• [EXERCISE INPUT]:
- Opening Delimiter -

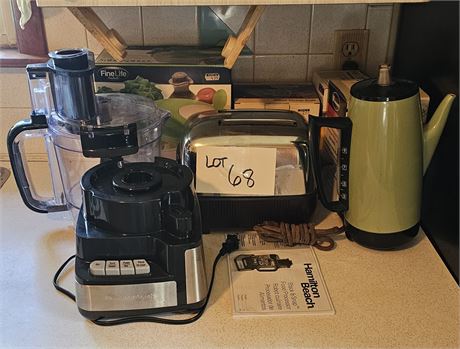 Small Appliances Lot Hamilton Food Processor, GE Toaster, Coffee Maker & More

- Closing Delimiter -
- Opening Delimiter -

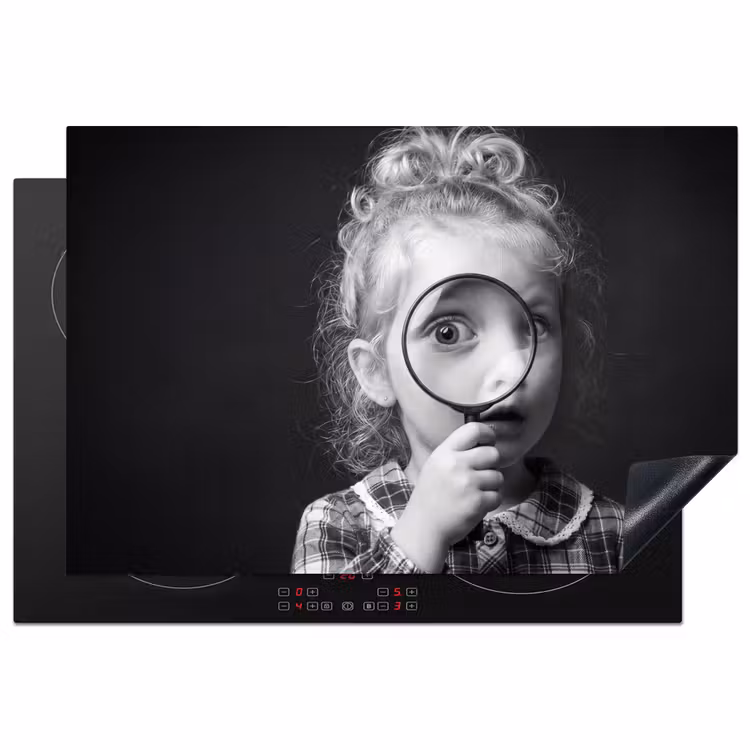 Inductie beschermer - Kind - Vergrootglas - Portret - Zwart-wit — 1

- Closing Delimiter -
- Opening Delimiter -

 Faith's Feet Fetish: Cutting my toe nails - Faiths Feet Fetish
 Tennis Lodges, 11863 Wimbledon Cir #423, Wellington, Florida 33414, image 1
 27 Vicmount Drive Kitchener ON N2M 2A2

- Closing Delimiter -

• [PROBLEM REQUIREMENTS]: Reproduce exactly the stretch of the material above that starts at the line with "Faith's Feet Fetish: Cutting" and ends at the line with "27 Vicmount Drive Kitchener ON N2M 2A2", both included, and nothing else.

• [RESPONSE]:
 Faith's Feet Fetish: Cutting my toe nails - Faiths Feet Fetish
 Tennis Lodges, 11863 Wimbledon Cir #423, Wellington, Florida 33414, image 1
 27 Vicmount Drive Kitchener ON N2M 2A2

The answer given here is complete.